Gadigal
Complete
Anita Panov & Andrew Scott
We were invited by the Museum of Applied Arts and Sciences to make a proposition for a temporary pavilion as part of the Powerhouse precinct in Sydney. The structure was to respond to Hybrid, the 2020 Sydney Design Festival theme, and use of two particular forms/species of timber, one thankfully recycled.
Within the charged context of the Museum’s imminent withdrawal and the strategic repositioning of the vast city centre area as an innovation precinct, we asked ourselves what effective part a tiny temporary structure might play in the larger civic drama.
Our answer was to position the project as a piece of fast urbanism, one that eschewed the otherwise inherent profligacy of the temporary pavilion type to ground the proposal firmly in utilitas, in the form of a provocative harbinger.
Three timber framed rooms, stacked and connected physically/socially via a single stair and large window, would contain spaces to be appropriated by designers for making within the public domain.
In this sense it was hoped the project might provide a tangible example of the accessible small scale incubator spaces vitally required to sustain an effective large scale innovation ecosystem.
We developed the outline of an interdisciplinary residency program, with a nod to the wonderful historic example of Building 20 at MIT, along with tours and lectures in the manner of the Tenement Museum in New York. We also sought to task each designer with a single big question: How can human instigated environmental degradation be reduced?

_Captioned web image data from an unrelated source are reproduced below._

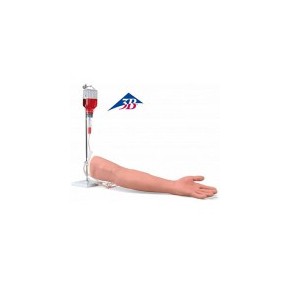 Brazo de entrenamiento de lujo para inyección intravenosa 3B Scientific 3BS-P50 MARCA -  3b Scientific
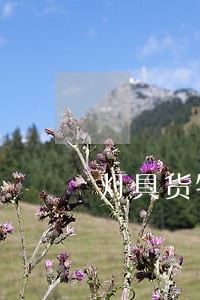 灯具货物逾期赔偿条约 灯具货物逾期赔偿条约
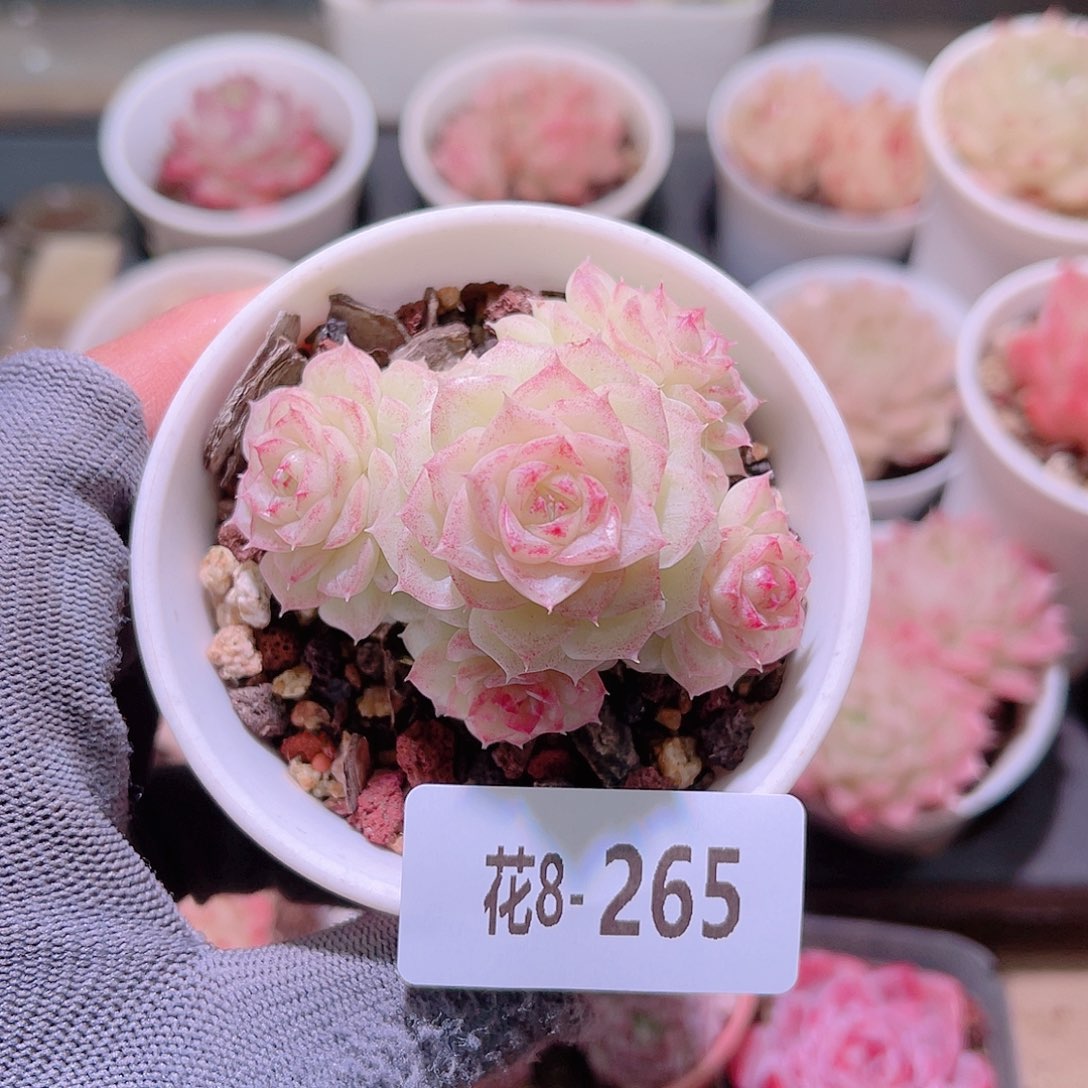 花08-265白天鹅群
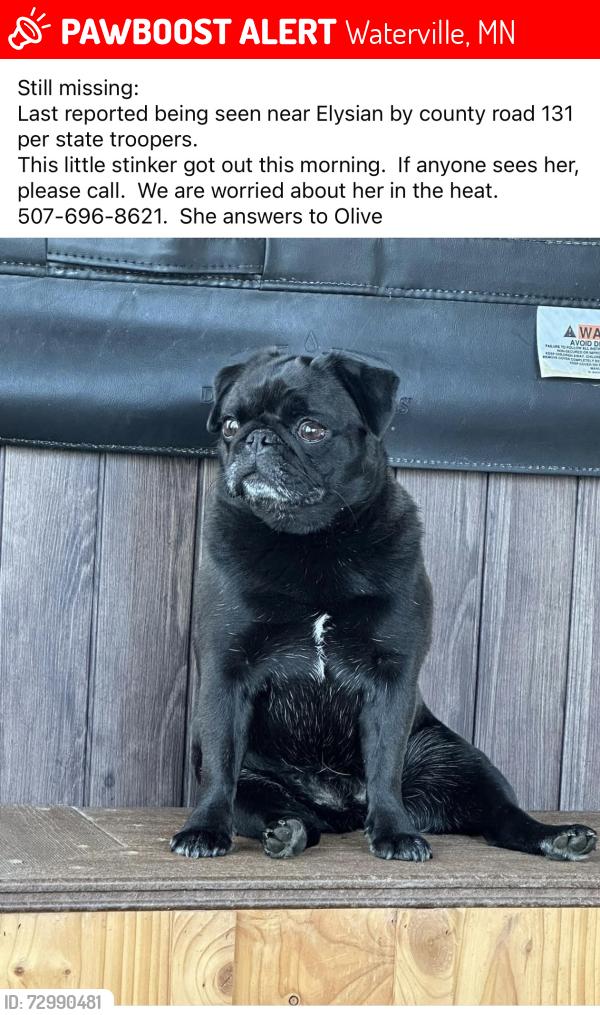 Lost Female Dog last seen Mile marker 131, Waterville, MN 56096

The proposal was effectively an overt act of occupation within a fast changing part of our city. In a physical sense the project sought to portend a possible future at the urban scale. At a larger scale, via appropriation in other media, the project also sought to facilitate innovation via the collective generous engagement of the resident designers. And most immediately, at the scale of the visitor, we sought to establish an experience that would not fade after first contact but instead gain in richness over time.